Problem description
Copy the listing below exactly, but skip the pictures.

Information shown
▼▼▼

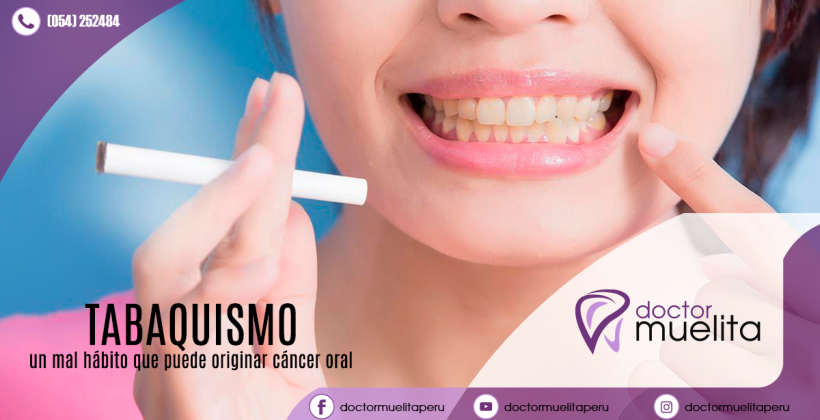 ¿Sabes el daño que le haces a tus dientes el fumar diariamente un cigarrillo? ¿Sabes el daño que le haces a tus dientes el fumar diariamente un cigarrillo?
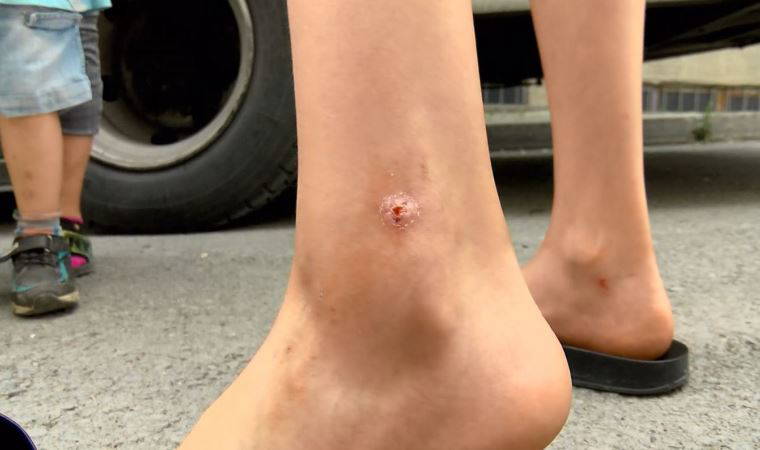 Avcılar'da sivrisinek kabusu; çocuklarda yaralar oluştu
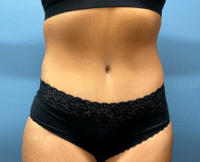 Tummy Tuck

▲▲▲

Exercise response
 ¿Sabes el daño que le haces a tus dientes el fumar diariamente un cigarrillo? ¿Sabes el daño que le haces a tus dientes el fumar diariamente un cigarrillo?
 Avcılar'da sivrisinek kabusu; çocuklarda yaralar oluştu
 Tummy Tuck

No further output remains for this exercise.